INPUT DATA Start Marker

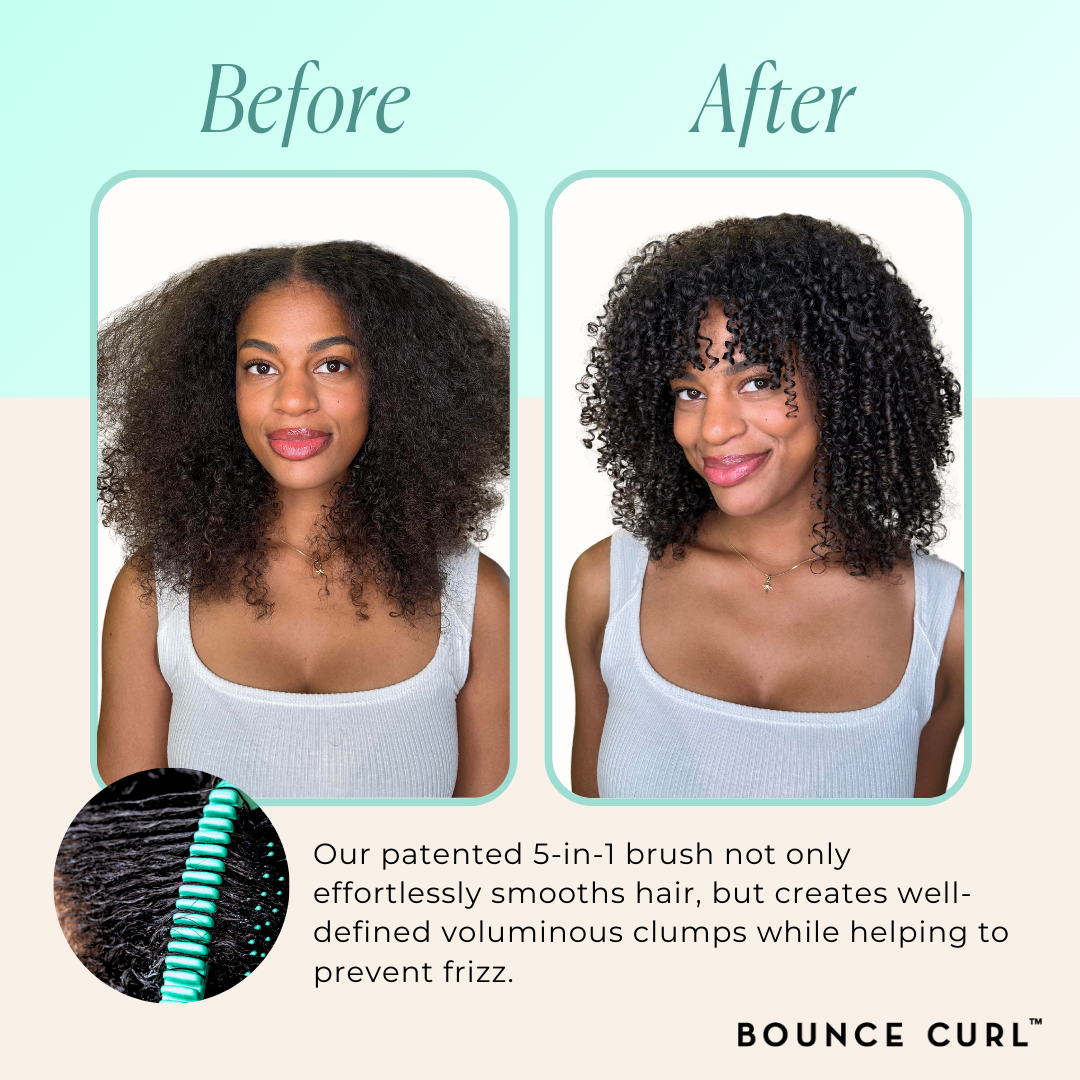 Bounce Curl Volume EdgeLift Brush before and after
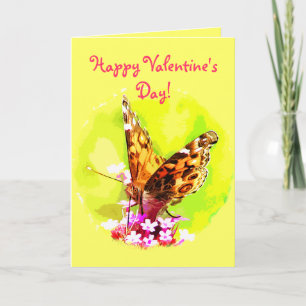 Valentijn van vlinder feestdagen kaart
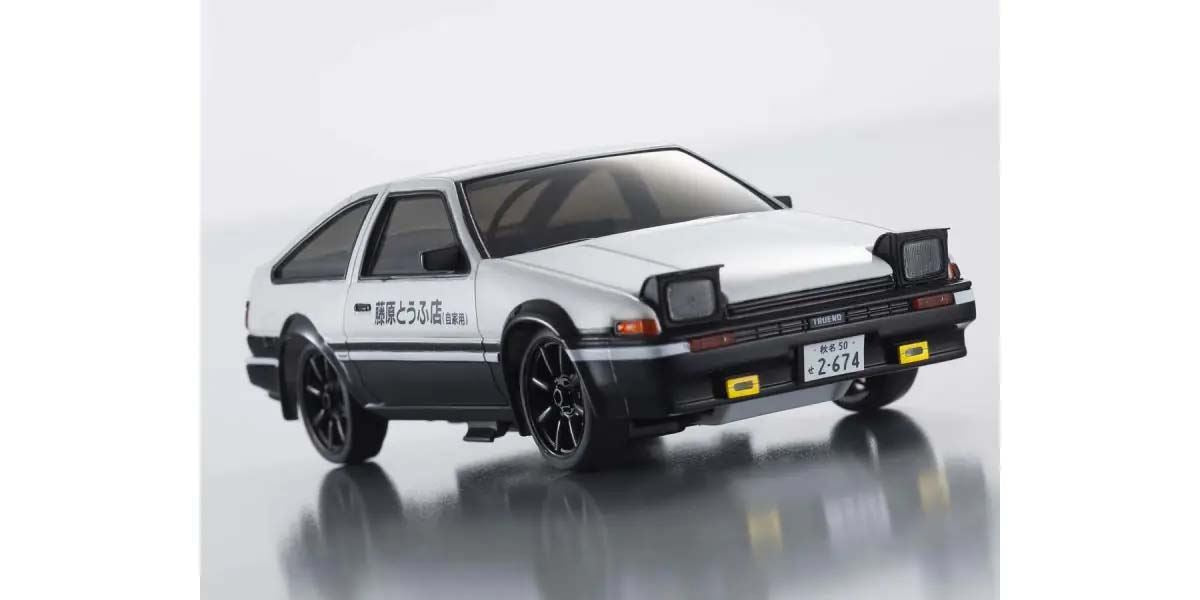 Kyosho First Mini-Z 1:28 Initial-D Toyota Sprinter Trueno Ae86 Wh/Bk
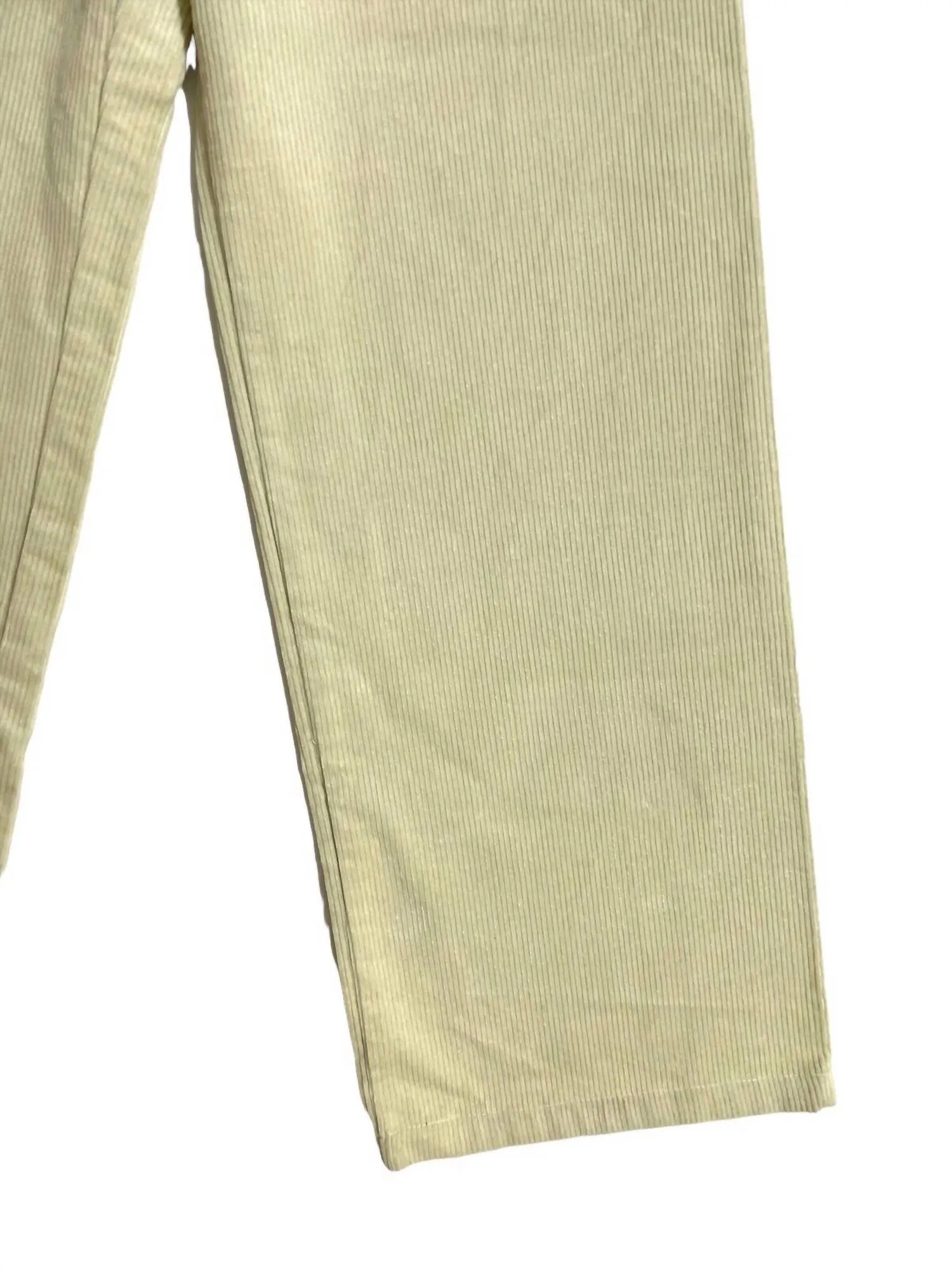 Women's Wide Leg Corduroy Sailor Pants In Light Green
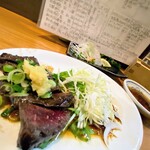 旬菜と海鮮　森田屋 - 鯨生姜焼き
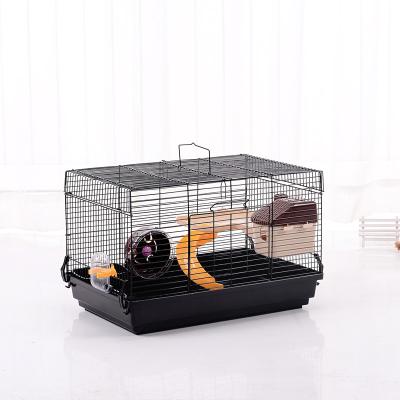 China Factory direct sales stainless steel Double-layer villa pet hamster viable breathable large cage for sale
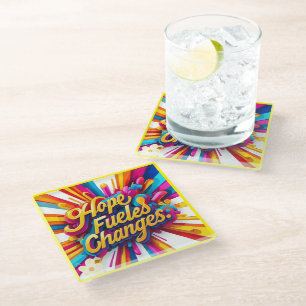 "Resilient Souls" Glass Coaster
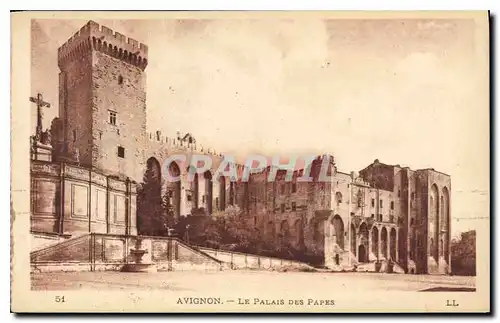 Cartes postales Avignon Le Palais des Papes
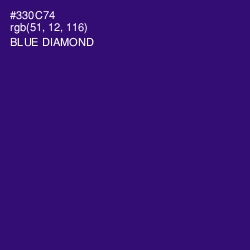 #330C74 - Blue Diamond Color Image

INPUT DATA End Marker
INPUT DATA Start Marker

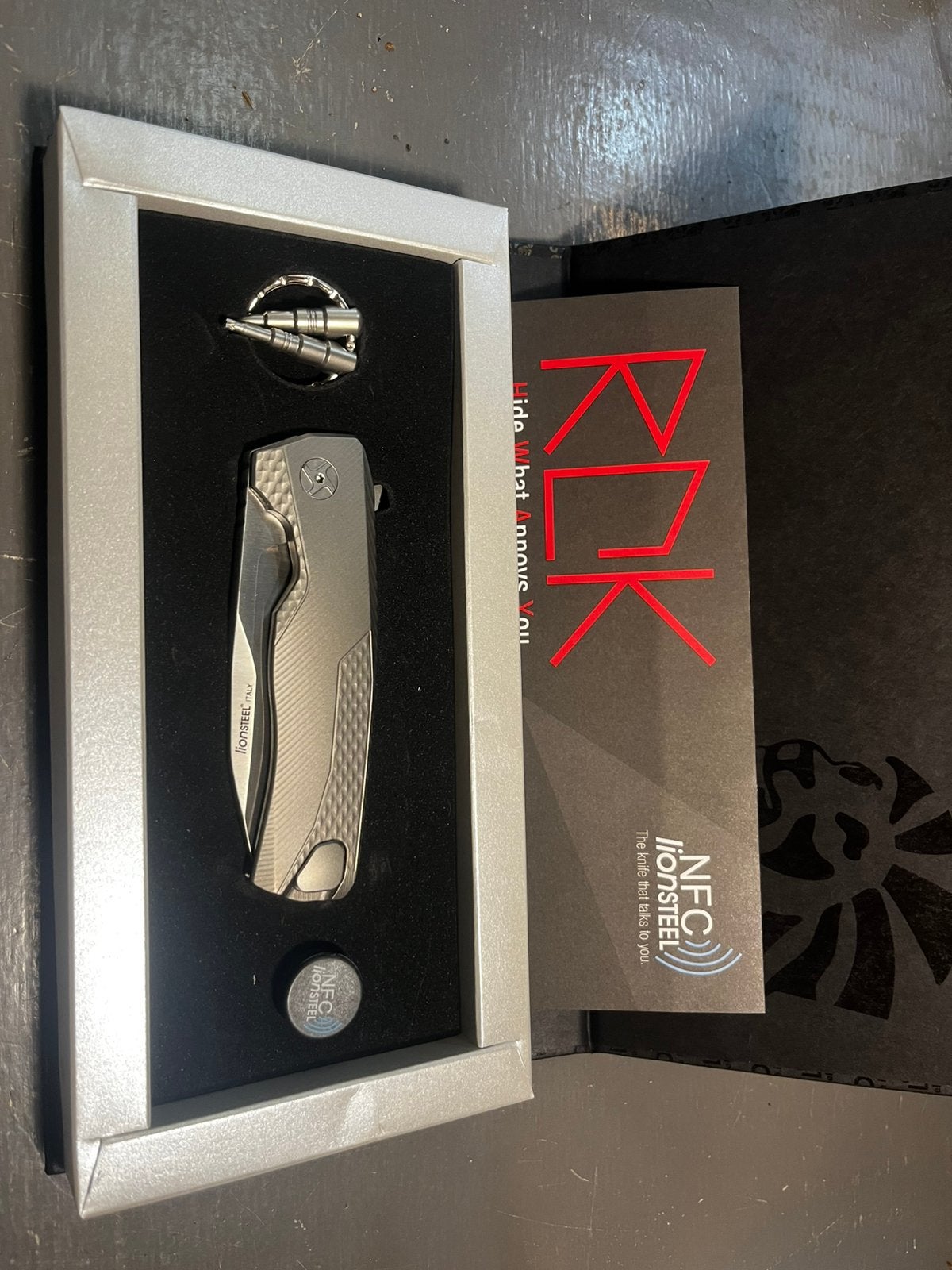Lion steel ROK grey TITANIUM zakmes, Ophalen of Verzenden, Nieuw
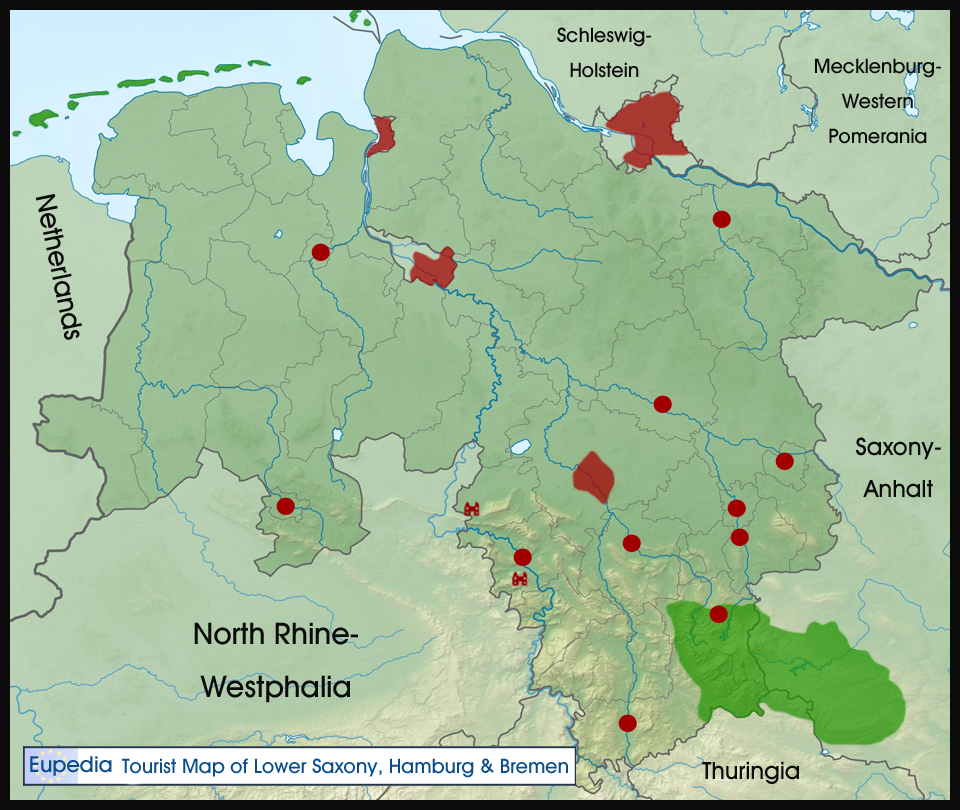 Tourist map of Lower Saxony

INPUT DATA End Marker
INPUT DATA Start Marker

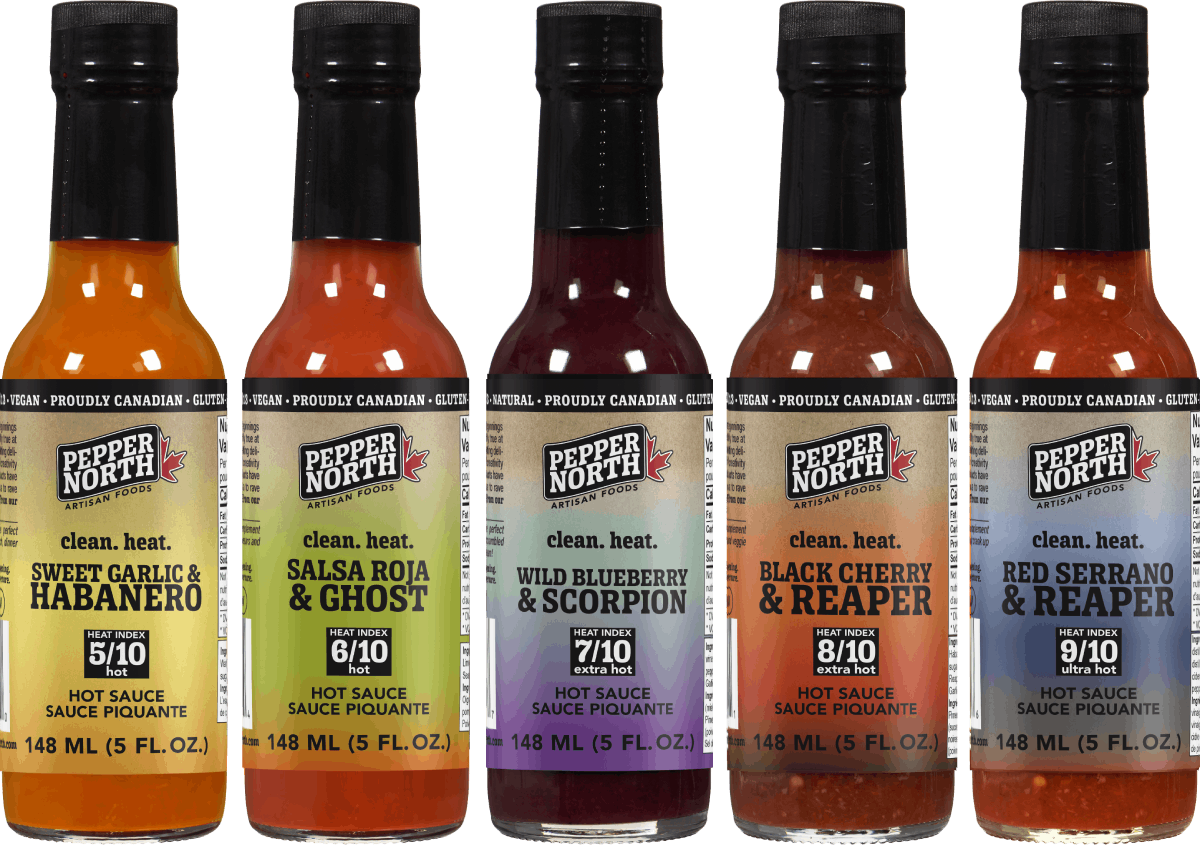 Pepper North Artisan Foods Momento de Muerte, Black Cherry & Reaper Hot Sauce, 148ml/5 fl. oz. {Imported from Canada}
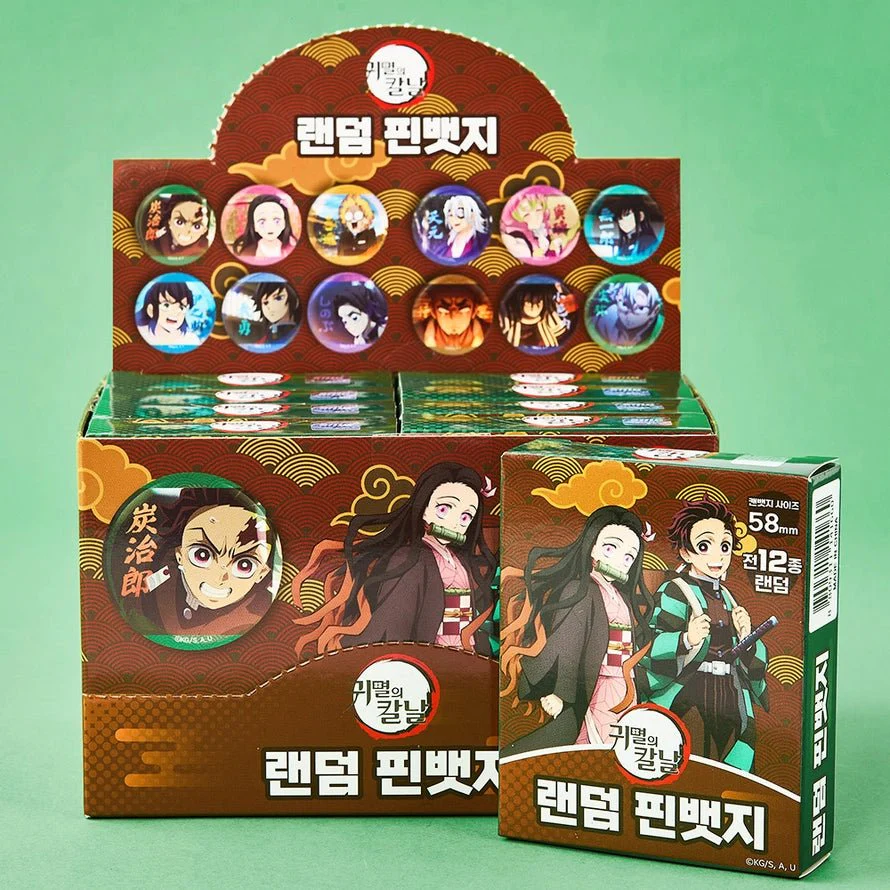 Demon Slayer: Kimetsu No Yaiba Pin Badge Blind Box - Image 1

INPUT DATA End Marker

### [PROBLEM STATEMENT]
Give back, exactly and without pictures, the stretch of the records above from the line containing "Bounce Curl Volume" through the line containing "#330C74 - Blue Diamond Color Image", with both end lines included.

### [EXPECTED ANSWER]
 Bounce Curl Volume EdgeLift Brush before and after
 Valentijn van vlinder feestdagen kaart
 Kyosho First Mini-Z 1:28 Initial-D Toyota Sprinter Trueno Ae86 Wh/Bk
 Women's Wide Leg Corduroy Sailor Pants In Light Green
 旬菜と海鮮　森田屋 - 鯨生姜焼き
 China Factory direct sales stainless steel Double-layer villa pet hamster viable breathable large cage for sale
 "Resilient Souls" Glass Coaster
 Cartes postales Avignon Le Palais des Papes
 #330C74 - Blue Diamond Color Image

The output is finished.